Minnesota health officials say the number of cases of seriously flawed medical care in hospitals and surgery centers has been rising over the last four years. These errors are referred to "adverse events" and state officials say they should occur rarely at most.
Care providers reported 341 "adverse events" from October 2016 through September 2017. They included 12 deaths and more than 100 serious injuries. Two-thirds did not lead to death or serious injury. Still, Health Commissioner Jan Malcolm declared the findings a problem.
"This steady rise in reportable adverse events is concerning and we should not consider this acceptable," said Malcolm of the new data.
Statewide, the most commonly reported adverse event was advanced stage pressure ulcers, or bed sores, which look like a crater in a patient's flesh.
But out of 120 total events, there were no reported deaths and only two serious injuries related to bed sores.
The second most common adverse event was also the deadliest.
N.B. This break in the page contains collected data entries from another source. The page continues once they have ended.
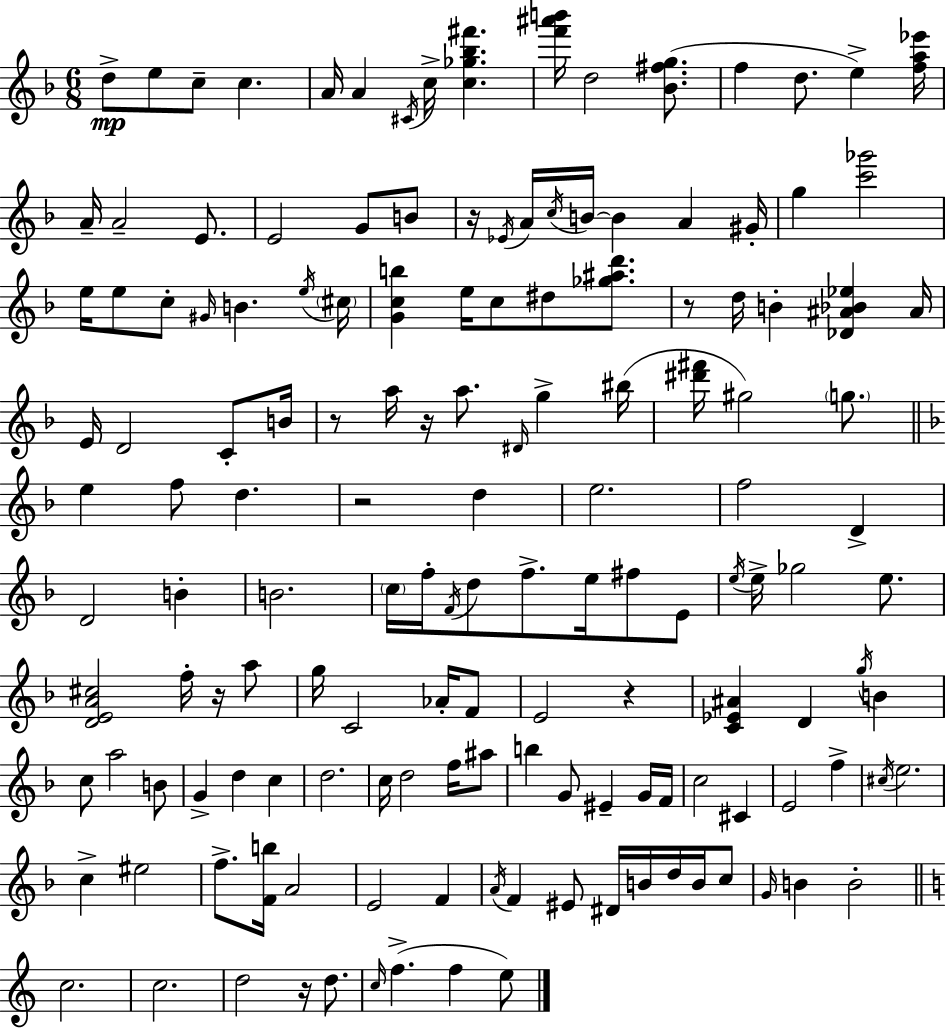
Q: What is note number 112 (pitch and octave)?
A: F4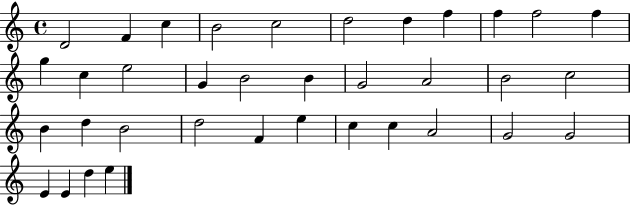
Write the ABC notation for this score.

X:1
T:Untitled
M:4/4
L:1/4
K:C
D2 F c B2 c2 d2 d f f f2 f g c e2 G B2 B G2 A2 B2 c2 B d B2 d2 F e c c A2 G2 G2 E E d e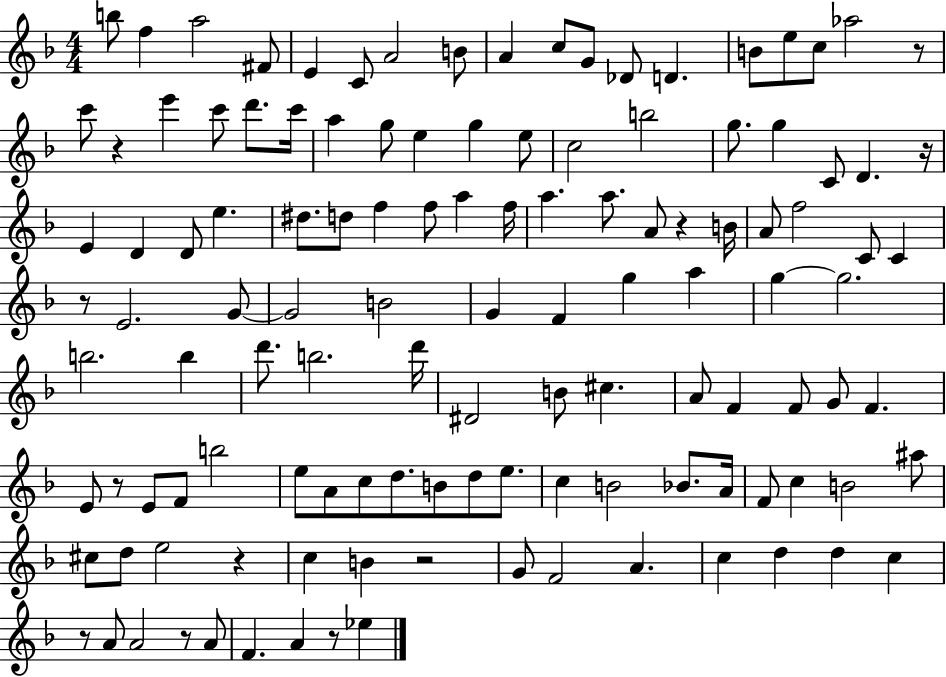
B5/e F5/q A5/h F#4/e E4/q C4/e A4/h B4/e A4/q C5/e G4/e Db4/e D4/q. B4/e E5/e C5/e Ab5/h R/e C6/e R/q E6/q C6/e D6/e. C6/s A5/q G5/e E5/q G5/q E5/e C5/h B5/h G5/e. G5/q C4/e D4/q. R/s E4/q D4/q D4/e E5/q. D#5/e. D5/e F5/q F5/e A5/q F5/s A5/q. A5/e. A4/e R/q B4/s A4/e F5/h C4/e C4/q R/e E4/h. G4/e G4/h B4/h G4/q F4/q G5/q A5/q G5/q G5/h. B5/h. B5/q D6/e. B5/h. D6/s D#4/h B4/e C#5/q. A4/e F4/q F4/e G4/e F4/q. E4/e R/e E4/e F4/e B5/h E5/e A4/e C5/e D5/e. B4/e D5/e E5/e. C5/q B4/h Bb4/e. A4/s F4/e C5/q B4/h A#5/e C#5/e D5/e E5/h R/q C5/q B4/q R/h G4/e F4/h A4/q. C5/q D5/q D5/q C5/q R/e A4/e A4/h R/e A4/e F4/q. A4/q R/e Eb5/q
Falls in care facilities accounted for five of the 12 reported deaths and 77 serious injuries.
At Mercy Hospital's Unity Campus in Fridley, there were five adverse events, all producing serious injury except for the criminal case of care delivered by someone impersonating a health care provider.
Malcom called attention to the growing number of mistakes in surgical or invasive procedures. She called for more careful surgery preparations.
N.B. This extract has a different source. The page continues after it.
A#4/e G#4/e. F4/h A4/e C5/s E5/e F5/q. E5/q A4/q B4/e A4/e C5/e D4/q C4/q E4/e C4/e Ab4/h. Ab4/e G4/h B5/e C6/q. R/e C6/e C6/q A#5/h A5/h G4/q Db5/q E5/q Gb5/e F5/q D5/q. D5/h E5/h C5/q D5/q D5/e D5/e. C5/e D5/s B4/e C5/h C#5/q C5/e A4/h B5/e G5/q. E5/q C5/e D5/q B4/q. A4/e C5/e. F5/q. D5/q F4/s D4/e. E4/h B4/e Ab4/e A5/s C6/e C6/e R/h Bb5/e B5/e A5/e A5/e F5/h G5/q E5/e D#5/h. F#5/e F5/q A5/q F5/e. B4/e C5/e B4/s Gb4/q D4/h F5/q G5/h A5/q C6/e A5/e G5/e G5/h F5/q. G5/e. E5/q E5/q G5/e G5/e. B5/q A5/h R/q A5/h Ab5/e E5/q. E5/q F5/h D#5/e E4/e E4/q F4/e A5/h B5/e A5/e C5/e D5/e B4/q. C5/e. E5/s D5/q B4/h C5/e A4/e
"We saw a troubling increase in surgical or invasive procedure events. There were 55 of these cases during this reporting period, which is significantly higher than the average over the 14 years that we've been doing this report," Malcolm said.
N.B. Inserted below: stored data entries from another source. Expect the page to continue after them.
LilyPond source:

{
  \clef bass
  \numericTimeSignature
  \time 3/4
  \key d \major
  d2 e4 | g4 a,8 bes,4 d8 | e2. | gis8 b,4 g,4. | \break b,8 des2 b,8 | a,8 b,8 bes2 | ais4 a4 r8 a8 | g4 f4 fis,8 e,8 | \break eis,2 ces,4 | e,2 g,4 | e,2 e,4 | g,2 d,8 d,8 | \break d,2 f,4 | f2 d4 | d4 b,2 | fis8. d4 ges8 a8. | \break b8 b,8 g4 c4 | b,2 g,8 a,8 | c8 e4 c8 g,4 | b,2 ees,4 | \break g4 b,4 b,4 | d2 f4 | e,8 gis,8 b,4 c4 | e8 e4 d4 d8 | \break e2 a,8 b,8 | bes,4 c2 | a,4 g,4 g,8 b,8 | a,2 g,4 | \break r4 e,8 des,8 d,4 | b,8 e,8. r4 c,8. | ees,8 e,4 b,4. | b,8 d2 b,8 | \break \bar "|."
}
Although 55 is a concerning number, it represents 0.002 percent of the more than 3 million surgeries or invasive procedures conducted during the yearlong reporting period. Minnesota law requires care givers to report 29 categories of "adverse health events" in the hope the information will lead to safer practices.
The Minnesota Hospital Association says hospitals and health systems have learned a great deal from the annual report over its 14 years.
"We are concerned for every single one of these events because when we look at these numbers what we see are patients, their families and our communities," said Dr. Rahul Koranne, the association's chief medical officer.
Koranne said the real-time reporting of "adverse events" had led to rapid changes to best practices. Just in the last year, the data prompted an alert to halt medication errors with the drug epinephrine.
"I shudder to think what the scenario would be like if we didn't have this real-time learning system, so I think the system is absolutely working," Koranne said.